Kevin Durant may have owned up to defending himself via fake user accounts on Twitter, but that's not stopping fellow and former NBA stars from lashing out at him for it. 

The NBA's reigning NBA Finals Most Valuable Player will eventually put this controversy behind him, likely in the coming week as media days and training camps begin across the league. Until then, it remains a national story that everybody is talking about. 

When a superstar celebrity athlete gets caught with his hand in the cookie jar, the world is going to talk about it. Durant took a big PR hit when he admitted he was caught when he accidentally tweeted from his main account, and the following storm hasn't been much better for him.

The latest person to thrash Durant for his actions is former NBA star Stephen Jackson, who's known to be a no-nonsense type of personality. Jackson, who has a huge platform on ESPN's The Jump, didn't hold back on Durant.

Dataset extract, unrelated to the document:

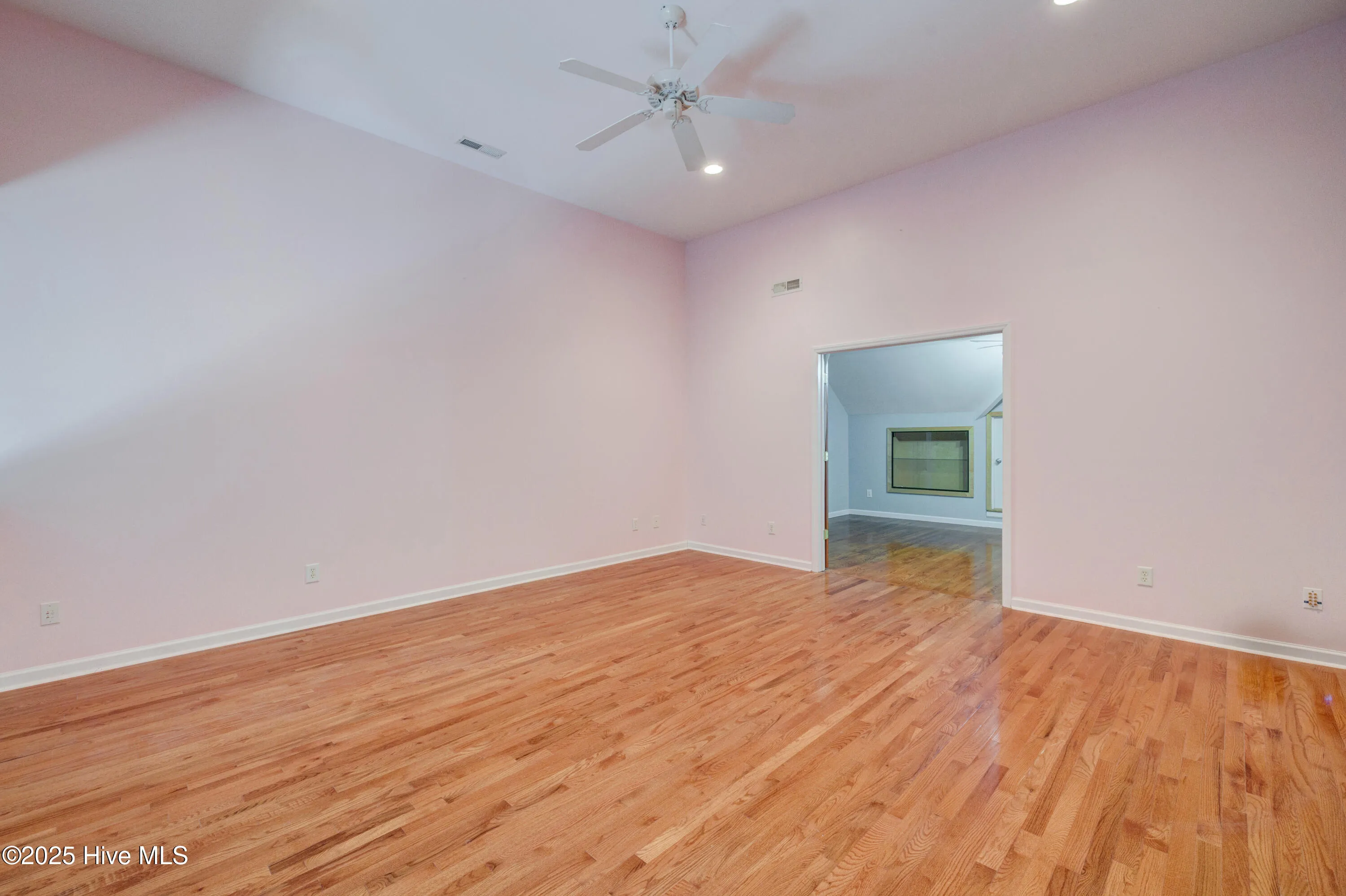 Wilmington, North Carolina 28412, United States, 3 Bedrooms Bedrooms, ,3 BathroomsBathrooms,Residential,Active,198027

"Kevin Durant, I look at you now as I look at everybody else on Twitter and Instagram that has a little egg avatar. You are that person now. You cannot be excluded from that. Who creates a fake page? I'm the person, If I want to respond to somebody on social media, it has to come from my page with a verified check on it," Jackson said. 

Those are harsh but fair words. If Durant really, truly wanted to shut trolls down, he could and probably should use his actual account. Perhaps the best piece of advice on this front is for him to just ignore this kind of stuff that really shouldn't matter to someone who so-clearly is one of the greatest basketball players of his generation.

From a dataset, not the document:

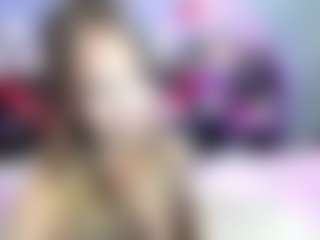 provocatemur's Live Sex Cam Show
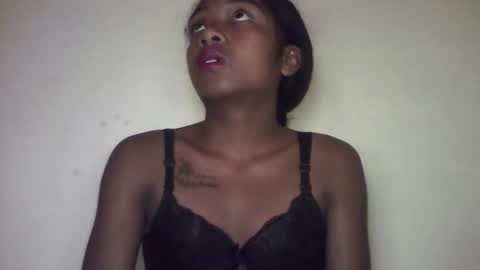 michou_69 online show from June 9, 7:08 am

Instead, Durant revealing that he was caught doing his usual social media ghosting re-opened words and disrespected members of the Thunder organization. Former teammates like Enes Kanter haven't taken it well.

"I'm not angry. It's just really sad. I remember when he was here, I played with him one-and-a-half years - and when he was here, this organization and these fans, this whole state, gave him everything he asked for, everything he wanted," Kanter told CBS Radio.

The story will get swept under the rug, but the damage is done. Jackson recoiling over the situation isn't surprising, and likely isn't isolated either. Its hard to imagine other NBA players aren't feeling the exact same way about Durant not only taking his time to pay attention to the noise, but to getting down into the mud of social media just to defend himself.